Discorrendo sobre o livro, o leitor poderá também dialogar com as personagens que, em posse de discursos feministas declaram subversão social para que o Estado assuma uma postura mais digna da época modernista em que vivemos.
Como jurista, o cidadão que preenche o narrador com perícia em direito, analisa e comenta a sociedade regida por leis que em aspectos problematizados provocam desequilíbrios sociais. Por exemplo, através de um interessante e incisivo diálogo, o leitor poderá conhecer as cinco razoáveis capacidades jurídicas para se liderar múltiplas famílias. Ou seja, os requisitos de um polígamo para manter as várias famílias.

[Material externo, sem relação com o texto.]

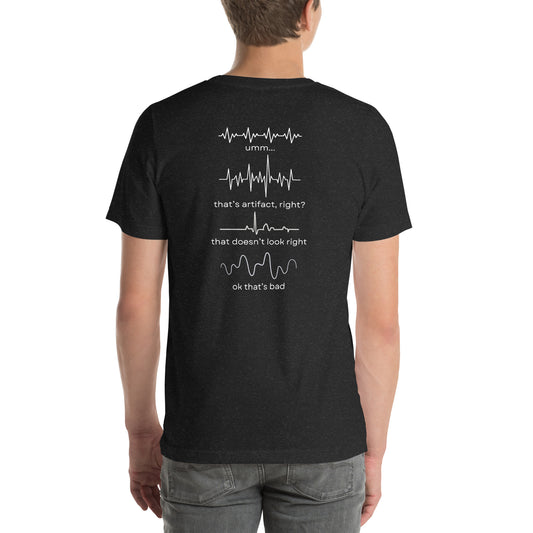 RN Bad ECG on Back t-shirt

É uma obra polifónica inspiradora, com várias estórias que se cruzam e descruzam, personagens de corpo e alma com carácter de vida breve, perfiladas para a conjugação de um enredo longo que se passa numa Luanda crioula.
Há neste romance um edifício de acções edificadas sobre os pilares de uma novela. Quem mata quem? Porquê? Quem casa com quem? Quem trai quem?
É um romance perfeito para quem está preparado para ouvir sobre novas revoluções. Não para leitores quadrados. Não seja um leitor quadrado.
*Texto de apresentação da obra “Nova evangelização precisase?”, do escritor João Miranda, dia 07 de Abril de 2021, na sede da União dos Escritores Angolanos, em Luanda.